Systemic Sclerosis is a complex autoimmune disease characterized by immune abnormalities, vascular damage, and fibrosis involving the skin and lungs. The host innate immune system plays a primary role in monitoring the containment of pathogens, and there is evidence of higher susceptibility to various types of infections in patients with autoimmune diseases. Recently, we found that Epstein-Barr virus (EBV) is deregulated in SSc with abnormal expression of viral lytic-genes in peripheral blood mononuclear cells (PBMCs), suggesting that the lytic form of EBV infection is poorly controlled in these patients. While EBV has long been proposed as a common factor for developing autoimmune and inflammatory reactions, the mechanism by which EBV contributes to the pathological processes is still unclear. In our lab we demonstrated the expression of EBV viral mRNA and lytic-proteins, which was also associated with aberrant antibody response against EBV lytic antigens, in the majority of fibroblasts and endothelial cells in SSc patients. Furthermore, we found that EBV elevates the expression of TLR7/9 and their downstream mediator mRNAs in infected fibroblasts, suggesting that EBV infection plays a role in inducing fibroblast innate immune responses. The evidence of EBV active infection raises the compelling question whether the lytic form of EBV could be detected by the cells of the innate immune system. In this regard, monocytes are an attractive population to be investigated, since these cells are involved in the innate immune control of viral replication and produce abundant amounts of IFN-I and other pro-inflammatory cytokines. Our preliminary studies revealed that the TLR8-molecular pathway is induced by EBV/lytic-genes in human monocytes, while it is not induced in latently infected cells. In this project we propose to further investigate EBV lytic infection as a mechanism contributing to autoimmunity through the activation of monocytes.

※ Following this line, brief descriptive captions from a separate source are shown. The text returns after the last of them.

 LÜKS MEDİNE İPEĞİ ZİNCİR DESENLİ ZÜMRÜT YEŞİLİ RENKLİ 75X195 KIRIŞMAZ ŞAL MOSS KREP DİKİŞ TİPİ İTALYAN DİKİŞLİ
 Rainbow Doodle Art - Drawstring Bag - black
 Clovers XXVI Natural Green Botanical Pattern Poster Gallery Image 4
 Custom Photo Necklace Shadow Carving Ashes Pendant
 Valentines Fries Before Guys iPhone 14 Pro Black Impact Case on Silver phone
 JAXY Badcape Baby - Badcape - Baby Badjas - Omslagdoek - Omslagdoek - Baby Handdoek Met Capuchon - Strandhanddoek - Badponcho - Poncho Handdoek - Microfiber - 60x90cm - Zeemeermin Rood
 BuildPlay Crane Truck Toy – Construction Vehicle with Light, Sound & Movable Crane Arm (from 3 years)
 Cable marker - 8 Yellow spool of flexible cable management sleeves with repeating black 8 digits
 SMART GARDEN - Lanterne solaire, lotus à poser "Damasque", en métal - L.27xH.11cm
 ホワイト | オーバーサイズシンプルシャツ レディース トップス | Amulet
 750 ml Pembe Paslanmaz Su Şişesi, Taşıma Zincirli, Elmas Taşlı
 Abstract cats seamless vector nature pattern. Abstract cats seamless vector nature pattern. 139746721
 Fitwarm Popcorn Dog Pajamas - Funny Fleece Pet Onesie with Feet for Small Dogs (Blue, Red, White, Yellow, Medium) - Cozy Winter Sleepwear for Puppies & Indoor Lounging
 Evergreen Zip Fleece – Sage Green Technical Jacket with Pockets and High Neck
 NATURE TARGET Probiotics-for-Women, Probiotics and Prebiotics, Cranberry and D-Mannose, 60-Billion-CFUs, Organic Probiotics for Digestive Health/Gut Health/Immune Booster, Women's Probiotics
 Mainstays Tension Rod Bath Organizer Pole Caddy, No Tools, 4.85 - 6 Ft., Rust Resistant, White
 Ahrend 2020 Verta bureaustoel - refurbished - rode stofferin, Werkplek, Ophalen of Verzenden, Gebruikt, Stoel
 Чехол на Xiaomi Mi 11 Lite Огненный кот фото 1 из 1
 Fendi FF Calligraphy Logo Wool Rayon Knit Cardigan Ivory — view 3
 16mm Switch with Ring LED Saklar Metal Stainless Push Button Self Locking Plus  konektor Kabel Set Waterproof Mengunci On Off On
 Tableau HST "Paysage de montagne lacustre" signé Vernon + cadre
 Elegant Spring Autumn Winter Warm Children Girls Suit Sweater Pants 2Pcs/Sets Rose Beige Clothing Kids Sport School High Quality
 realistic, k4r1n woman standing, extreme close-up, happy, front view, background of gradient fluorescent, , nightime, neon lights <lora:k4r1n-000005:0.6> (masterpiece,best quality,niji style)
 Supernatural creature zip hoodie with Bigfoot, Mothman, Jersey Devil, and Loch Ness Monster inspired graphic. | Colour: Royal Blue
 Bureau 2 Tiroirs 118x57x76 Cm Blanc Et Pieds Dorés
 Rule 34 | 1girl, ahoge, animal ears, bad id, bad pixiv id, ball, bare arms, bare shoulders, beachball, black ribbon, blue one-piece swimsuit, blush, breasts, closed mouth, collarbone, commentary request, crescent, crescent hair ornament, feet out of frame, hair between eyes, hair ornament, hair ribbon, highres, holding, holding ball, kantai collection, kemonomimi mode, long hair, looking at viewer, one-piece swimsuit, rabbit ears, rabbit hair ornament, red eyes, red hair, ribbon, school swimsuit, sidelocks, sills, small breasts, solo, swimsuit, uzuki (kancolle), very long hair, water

We believe that this proposal is highly innovative based on the following reasons:
1. The proposed studies will address a novel concept that innate immune dysregulation may be directly linked to an ongoing viral infection in autoimmune diseases. The presence of aberrant EBV reactivation in monocytes substantiates this important potential link in SSc.
2. Another novel finding of these studies is that EBV induces toll-like receptor 8 (TLR8) expression during viral replication in monocytes, while SSc monocytes spontaneously express elevated levels of TLR8. The relevance of this novel observation lies in the fact that TLR8 together with TLR7 are expressed on the X chromosome, which may help to explain the high prevalence of SSc, as well as other autoimmune diseases, in females.
3. This investigation will be the first to determine whether dysfunctional innate immune activation represents a trigger that induces EBV reactivation.
4. One of the most exciting aspects of this proposal is that we have identified for the first time that EBV replicates in monocytes of patients with SSc.
5. An important key technological innovation of the proposal is that we have successfully performed EBV lytic infection in THP1 cell lines generated from acute monocytic leukemia.